PROVIDED RECORDS below:
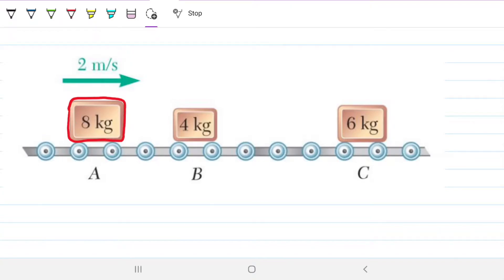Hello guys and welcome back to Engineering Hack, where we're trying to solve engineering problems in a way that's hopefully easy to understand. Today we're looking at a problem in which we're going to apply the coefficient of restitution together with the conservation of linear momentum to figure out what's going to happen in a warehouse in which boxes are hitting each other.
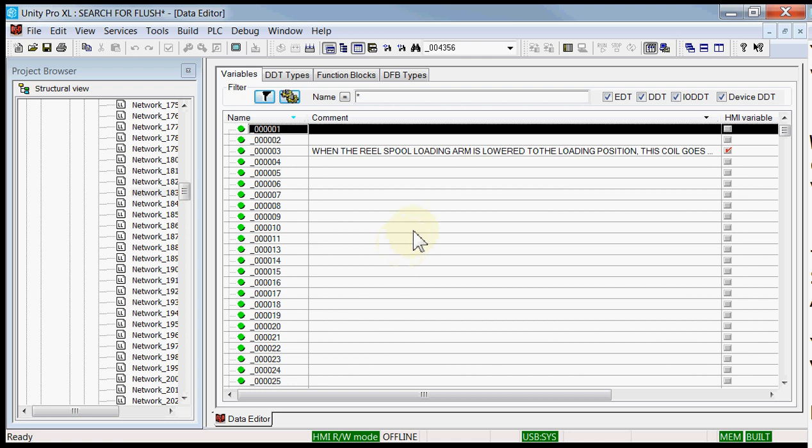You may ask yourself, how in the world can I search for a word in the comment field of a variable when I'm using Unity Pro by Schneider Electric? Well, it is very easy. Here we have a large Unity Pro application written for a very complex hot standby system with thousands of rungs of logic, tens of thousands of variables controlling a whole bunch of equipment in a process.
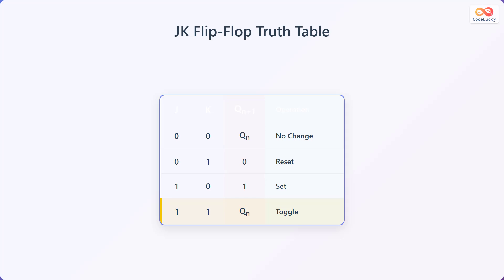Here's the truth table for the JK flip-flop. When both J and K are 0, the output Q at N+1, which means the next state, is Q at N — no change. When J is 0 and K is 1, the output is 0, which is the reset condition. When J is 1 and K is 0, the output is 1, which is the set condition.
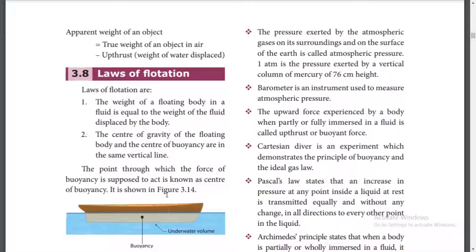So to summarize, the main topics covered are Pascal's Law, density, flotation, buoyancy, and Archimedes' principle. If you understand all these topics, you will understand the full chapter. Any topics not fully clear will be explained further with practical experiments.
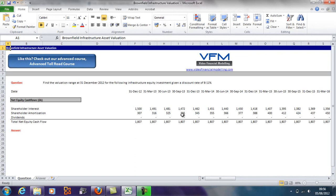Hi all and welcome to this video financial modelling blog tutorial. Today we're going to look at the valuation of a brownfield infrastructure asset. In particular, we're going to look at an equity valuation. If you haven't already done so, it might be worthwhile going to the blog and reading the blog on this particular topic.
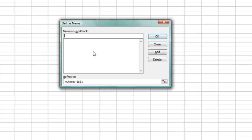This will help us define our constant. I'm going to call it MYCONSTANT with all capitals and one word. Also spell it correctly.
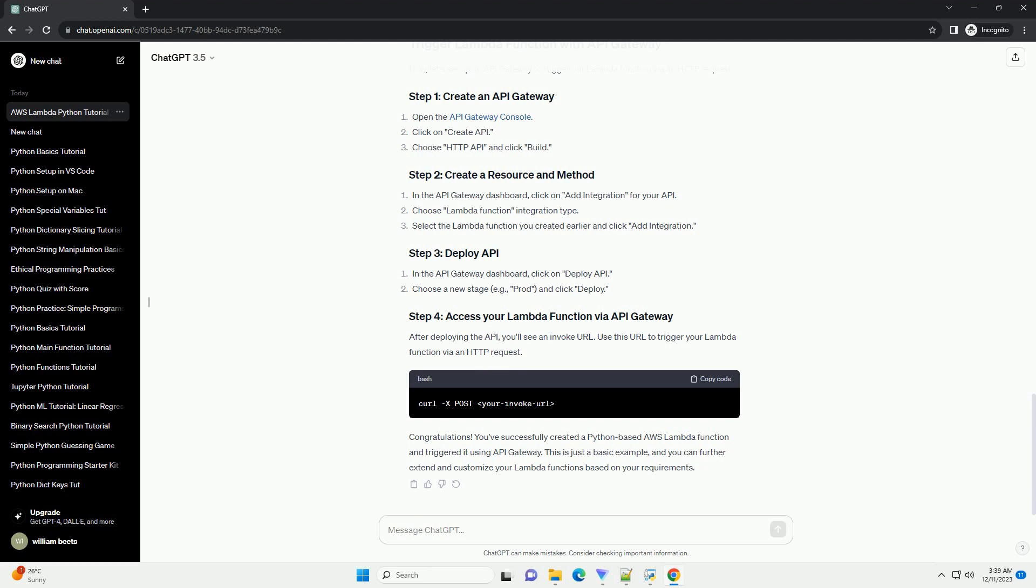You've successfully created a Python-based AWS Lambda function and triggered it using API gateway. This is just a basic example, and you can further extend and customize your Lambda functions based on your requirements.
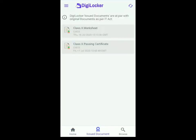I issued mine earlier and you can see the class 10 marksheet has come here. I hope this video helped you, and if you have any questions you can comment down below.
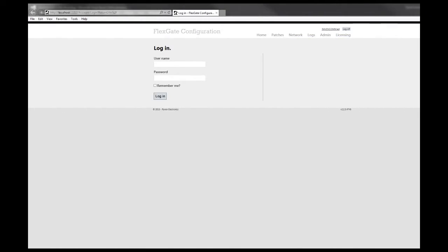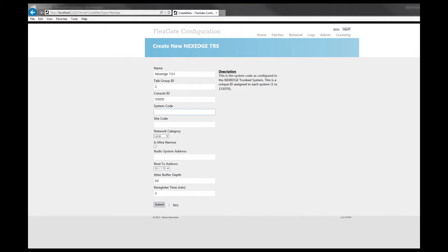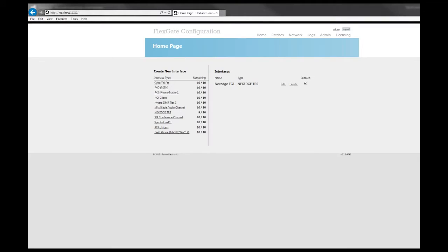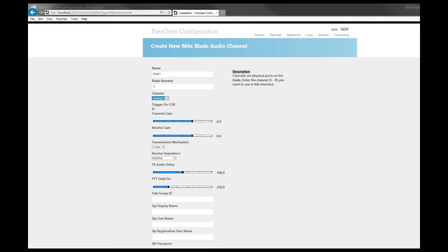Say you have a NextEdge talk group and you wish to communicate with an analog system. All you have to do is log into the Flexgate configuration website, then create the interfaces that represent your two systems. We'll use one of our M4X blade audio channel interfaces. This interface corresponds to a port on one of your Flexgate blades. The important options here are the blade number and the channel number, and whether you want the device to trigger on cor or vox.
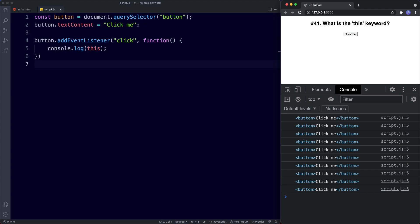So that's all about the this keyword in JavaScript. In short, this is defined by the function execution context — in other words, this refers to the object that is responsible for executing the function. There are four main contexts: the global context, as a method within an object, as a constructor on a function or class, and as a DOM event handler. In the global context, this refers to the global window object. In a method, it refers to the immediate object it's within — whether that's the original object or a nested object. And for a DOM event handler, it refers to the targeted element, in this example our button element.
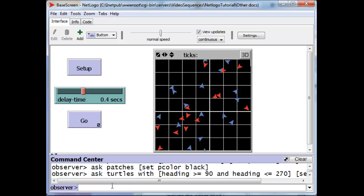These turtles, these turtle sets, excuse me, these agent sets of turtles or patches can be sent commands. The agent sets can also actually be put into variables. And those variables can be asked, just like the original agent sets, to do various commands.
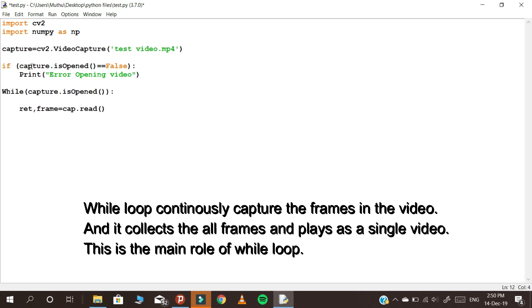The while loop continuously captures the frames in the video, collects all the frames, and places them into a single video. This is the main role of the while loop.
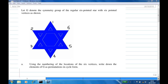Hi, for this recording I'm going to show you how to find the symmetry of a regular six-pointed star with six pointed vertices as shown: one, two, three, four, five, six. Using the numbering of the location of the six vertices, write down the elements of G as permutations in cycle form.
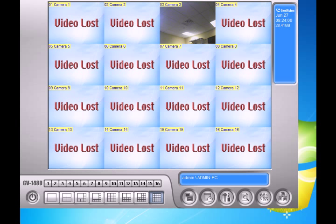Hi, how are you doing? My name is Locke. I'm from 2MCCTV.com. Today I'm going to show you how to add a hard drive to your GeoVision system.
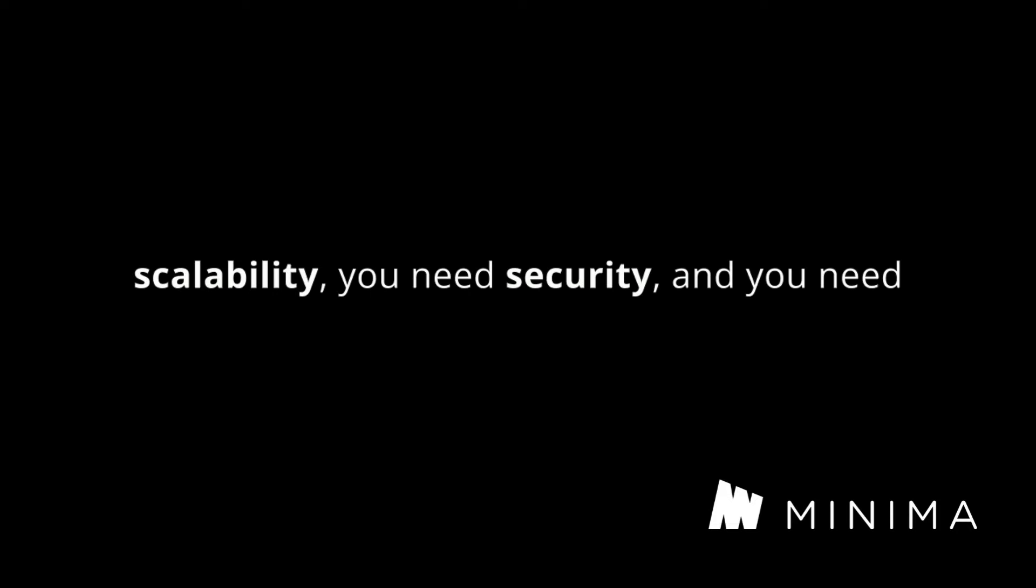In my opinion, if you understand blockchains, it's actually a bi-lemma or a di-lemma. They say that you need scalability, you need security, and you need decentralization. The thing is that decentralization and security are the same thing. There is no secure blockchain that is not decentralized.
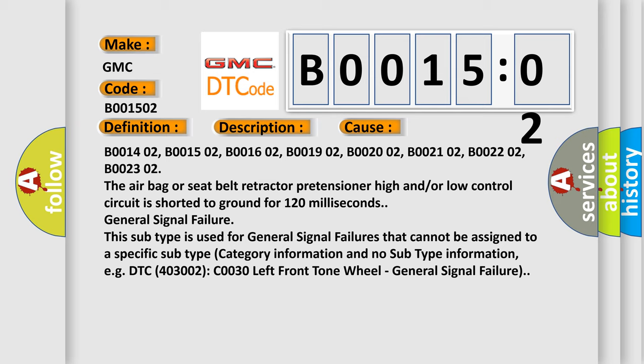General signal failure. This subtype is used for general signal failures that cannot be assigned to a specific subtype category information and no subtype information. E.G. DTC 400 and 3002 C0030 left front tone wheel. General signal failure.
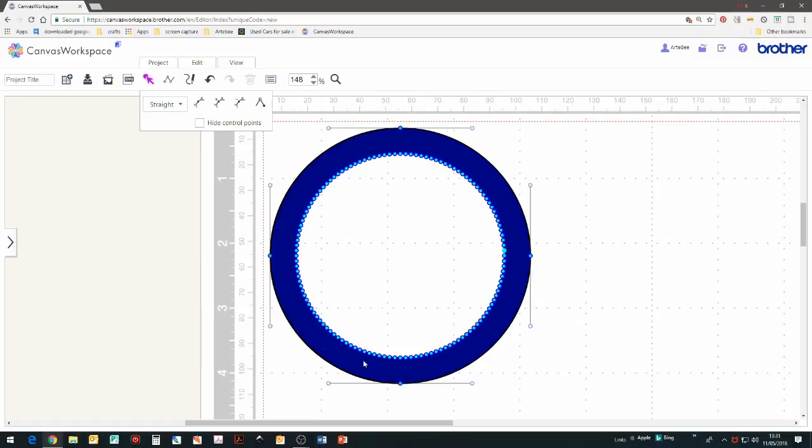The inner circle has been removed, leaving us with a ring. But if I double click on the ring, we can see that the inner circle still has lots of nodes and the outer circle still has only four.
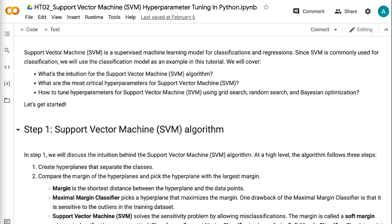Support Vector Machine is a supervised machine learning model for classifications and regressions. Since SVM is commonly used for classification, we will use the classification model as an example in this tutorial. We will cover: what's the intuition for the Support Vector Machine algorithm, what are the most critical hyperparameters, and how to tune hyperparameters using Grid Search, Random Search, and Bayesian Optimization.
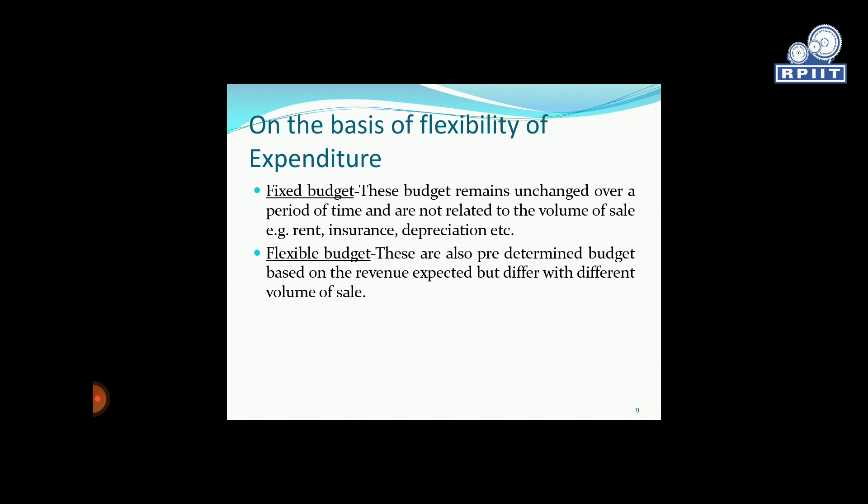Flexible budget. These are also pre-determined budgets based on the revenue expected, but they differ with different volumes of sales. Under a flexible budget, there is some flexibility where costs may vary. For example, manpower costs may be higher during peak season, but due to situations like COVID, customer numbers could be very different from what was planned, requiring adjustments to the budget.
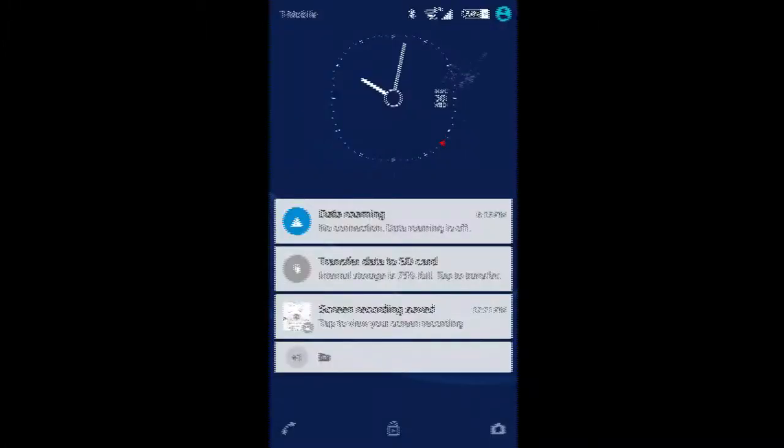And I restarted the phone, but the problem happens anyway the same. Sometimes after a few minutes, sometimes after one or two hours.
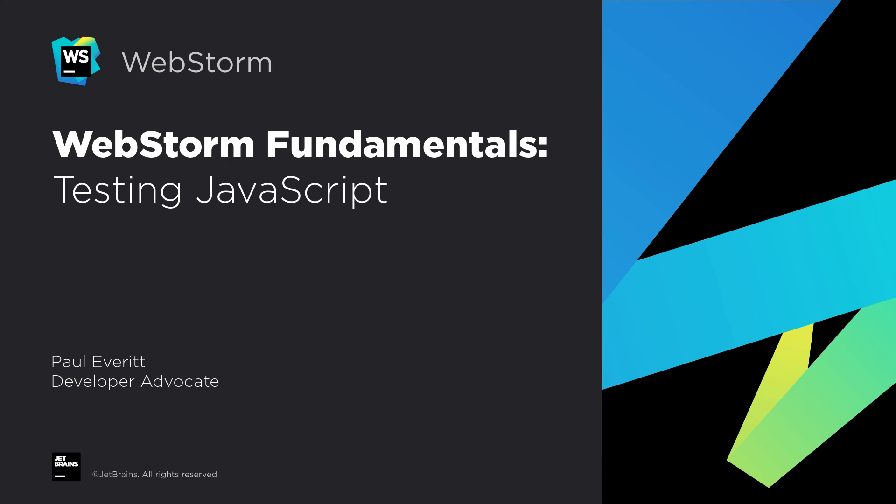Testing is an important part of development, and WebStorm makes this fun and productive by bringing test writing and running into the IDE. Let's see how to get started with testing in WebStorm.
End of PROVIDED RECORDS.
### WHAT TO DO
Going by the entries above, repeat exactly the lines that start at the line with "You've successfully created" and go on through the line with "I issued mine". Pictures are not part of the copy.

### RESPONSE BELOW
You've successfully created a Python-based AWS Lambda function and triggered it using API gateway. This is just a basic example, and you can further extend and customize your Lambda functions based on your requirements.
I issued mine earlier and you can see the class 10 marksheet has come here. I hope this video helped you, and if you have any questions you can comment down below.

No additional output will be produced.